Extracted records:
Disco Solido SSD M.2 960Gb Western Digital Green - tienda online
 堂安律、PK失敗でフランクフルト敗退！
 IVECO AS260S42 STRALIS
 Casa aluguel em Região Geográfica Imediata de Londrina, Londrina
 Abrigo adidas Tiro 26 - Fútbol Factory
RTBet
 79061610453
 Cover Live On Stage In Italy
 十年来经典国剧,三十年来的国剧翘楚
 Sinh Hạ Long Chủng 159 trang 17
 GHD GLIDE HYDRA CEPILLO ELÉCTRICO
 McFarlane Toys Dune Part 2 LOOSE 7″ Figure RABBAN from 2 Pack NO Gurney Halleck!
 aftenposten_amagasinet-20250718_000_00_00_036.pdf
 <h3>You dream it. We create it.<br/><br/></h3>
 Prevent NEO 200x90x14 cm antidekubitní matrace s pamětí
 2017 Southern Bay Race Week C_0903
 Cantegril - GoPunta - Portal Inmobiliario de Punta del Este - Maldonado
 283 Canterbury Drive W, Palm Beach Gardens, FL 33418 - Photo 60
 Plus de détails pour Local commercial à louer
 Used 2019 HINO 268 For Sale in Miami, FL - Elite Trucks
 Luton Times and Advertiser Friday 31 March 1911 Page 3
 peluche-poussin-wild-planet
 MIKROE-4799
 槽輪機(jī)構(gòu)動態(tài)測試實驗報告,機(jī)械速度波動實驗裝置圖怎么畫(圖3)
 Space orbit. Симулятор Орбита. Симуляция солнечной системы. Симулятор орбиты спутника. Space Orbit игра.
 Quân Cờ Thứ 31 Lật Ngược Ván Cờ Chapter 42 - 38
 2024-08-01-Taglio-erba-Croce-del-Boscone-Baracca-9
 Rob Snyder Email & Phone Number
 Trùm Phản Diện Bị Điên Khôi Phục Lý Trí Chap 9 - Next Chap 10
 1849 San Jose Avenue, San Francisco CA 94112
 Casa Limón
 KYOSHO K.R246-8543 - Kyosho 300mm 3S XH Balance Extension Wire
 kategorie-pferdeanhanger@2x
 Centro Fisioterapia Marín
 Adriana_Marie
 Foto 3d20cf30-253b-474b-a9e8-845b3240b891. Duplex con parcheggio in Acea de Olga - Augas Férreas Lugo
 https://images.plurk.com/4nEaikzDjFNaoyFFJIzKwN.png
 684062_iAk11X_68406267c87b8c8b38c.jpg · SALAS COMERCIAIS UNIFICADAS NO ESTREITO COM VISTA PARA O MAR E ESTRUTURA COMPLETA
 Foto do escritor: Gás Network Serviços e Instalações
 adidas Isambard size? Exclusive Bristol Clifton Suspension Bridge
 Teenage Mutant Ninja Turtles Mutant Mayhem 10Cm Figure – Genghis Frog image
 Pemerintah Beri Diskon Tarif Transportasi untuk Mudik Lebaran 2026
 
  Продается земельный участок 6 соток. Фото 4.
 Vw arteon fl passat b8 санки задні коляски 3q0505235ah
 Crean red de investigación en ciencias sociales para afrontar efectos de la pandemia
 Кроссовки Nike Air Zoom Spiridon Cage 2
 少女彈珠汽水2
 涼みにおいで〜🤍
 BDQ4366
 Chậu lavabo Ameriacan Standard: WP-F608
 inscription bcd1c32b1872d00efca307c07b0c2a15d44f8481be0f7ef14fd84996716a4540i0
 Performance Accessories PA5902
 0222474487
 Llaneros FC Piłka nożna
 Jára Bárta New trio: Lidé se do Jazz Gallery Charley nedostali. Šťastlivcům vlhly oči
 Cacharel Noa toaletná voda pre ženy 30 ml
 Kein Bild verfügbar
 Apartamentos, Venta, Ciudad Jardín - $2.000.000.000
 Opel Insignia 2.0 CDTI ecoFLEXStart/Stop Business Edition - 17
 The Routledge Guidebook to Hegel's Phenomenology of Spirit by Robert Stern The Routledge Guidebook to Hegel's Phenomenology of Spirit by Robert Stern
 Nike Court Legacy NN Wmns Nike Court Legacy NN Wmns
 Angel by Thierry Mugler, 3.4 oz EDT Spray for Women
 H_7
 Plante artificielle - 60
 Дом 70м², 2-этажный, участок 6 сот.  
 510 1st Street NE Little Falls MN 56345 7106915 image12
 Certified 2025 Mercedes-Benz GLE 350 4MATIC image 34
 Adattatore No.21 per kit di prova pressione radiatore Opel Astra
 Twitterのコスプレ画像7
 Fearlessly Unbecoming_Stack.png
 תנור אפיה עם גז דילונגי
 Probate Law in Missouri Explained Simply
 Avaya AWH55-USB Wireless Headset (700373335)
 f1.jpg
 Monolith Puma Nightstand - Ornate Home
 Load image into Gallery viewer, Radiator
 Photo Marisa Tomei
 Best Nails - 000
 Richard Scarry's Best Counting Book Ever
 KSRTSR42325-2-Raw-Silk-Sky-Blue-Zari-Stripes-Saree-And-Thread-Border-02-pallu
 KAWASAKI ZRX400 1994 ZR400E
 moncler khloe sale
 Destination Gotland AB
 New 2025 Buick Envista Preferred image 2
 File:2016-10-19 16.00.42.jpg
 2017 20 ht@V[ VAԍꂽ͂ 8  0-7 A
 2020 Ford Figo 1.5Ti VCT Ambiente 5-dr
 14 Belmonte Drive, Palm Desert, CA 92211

■ Action item ■
Filter the data for the string "Foto". Copy each matching line.

■ Answer section ■
 Foto 3d20cf30-253b-474b-a9e8-845b3240b891. Duplex con parcheggio in Acea de Olga - Augas Férreas Lugo
 Foto do escritor: Gás Network Serviços e Instalações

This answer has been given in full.